Valla has been focusing on gender equality and low-wage groups since taking over the management club in 2001. What happens if she leaves?

- It is probably not Gerd-Liv Valla who fronts the equal pay struggle in Norway as such, so it will not be much worse than it already is. LO has always tried to define the equal pay problem in its own way, ie first and foremost as a low-wage problem. I do not feel that Valla has represented any revolution when it comes to opening up to more aspects here. It is probably Bente Slåtten and the nurses' association who have managed. They are completely outside LO, in other words.

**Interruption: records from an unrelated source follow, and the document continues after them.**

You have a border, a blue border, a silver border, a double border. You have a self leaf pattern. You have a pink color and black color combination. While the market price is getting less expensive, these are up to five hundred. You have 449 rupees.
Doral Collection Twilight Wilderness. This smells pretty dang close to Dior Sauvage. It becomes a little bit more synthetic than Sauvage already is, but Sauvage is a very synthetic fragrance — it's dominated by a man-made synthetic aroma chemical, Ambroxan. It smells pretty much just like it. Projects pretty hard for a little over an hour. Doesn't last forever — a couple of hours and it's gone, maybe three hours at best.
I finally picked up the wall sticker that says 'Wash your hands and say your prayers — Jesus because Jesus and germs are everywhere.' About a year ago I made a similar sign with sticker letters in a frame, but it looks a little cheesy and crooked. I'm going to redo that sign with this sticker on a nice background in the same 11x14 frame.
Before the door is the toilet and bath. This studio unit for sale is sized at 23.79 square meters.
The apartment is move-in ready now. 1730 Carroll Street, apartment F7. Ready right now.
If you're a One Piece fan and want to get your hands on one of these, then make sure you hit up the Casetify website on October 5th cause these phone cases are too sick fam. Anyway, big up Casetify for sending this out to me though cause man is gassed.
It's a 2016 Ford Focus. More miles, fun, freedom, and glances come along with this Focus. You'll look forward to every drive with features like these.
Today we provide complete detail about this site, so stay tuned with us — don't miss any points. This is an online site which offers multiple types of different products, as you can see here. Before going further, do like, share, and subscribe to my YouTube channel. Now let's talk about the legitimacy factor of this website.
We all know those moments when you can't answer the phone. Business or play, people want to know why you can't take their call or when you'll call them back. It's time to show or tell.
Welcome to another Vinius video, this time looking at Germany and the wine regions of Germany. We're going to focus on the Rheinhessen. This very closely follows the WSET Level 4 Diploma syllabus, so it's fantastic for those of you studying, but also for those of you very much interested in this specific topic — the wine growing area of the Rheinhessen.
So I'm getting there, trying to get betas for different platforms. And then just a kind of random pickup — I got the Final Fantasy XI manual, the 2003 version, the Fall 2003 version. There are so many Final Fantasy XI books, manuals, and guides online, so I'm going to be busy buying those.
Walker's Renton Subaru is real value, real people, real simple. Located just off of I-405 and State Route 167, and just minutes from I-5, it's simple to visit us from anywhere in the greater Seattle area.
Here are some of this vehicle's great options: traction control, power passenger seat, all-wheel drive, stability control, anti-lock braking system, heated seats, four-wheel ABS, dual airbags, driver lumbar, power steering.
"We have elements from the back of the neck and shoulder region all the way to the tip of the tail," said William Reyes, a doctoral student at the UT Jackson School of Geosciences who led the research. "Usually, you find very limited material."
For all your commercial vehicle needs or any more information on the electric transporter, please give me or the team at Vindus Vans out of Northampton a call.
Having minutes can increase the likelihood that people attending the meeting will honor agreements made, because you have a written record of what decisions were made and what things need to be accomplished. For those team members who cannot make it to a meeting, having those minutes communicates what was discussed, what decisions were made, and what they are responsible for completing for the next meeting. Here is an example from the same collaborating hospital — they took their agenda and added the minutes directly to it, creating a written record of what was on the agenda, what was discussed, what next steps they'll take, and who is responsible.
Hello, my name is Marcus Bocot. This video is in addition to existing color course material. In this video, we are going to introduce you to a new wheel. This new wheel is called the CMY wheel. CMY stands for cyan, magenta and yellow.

Has the focus on gender equality and low-wage groups been in conflict with other interests within the trade union movement?

- It is so absolute, equal pay regulations have, for example, from time to time been regarded in LO as a threat to the entire "free right to bargain". Not least as it has been understood by the private sector. That is why equal pay has been so weakly regulated through the Gender Equality Act as well. In its time, LO threatened to sabotage the entire Gender Equality Act if the government did not keep its fingers off the wage determination in this area. Here it was the "front subjects" that were to decide.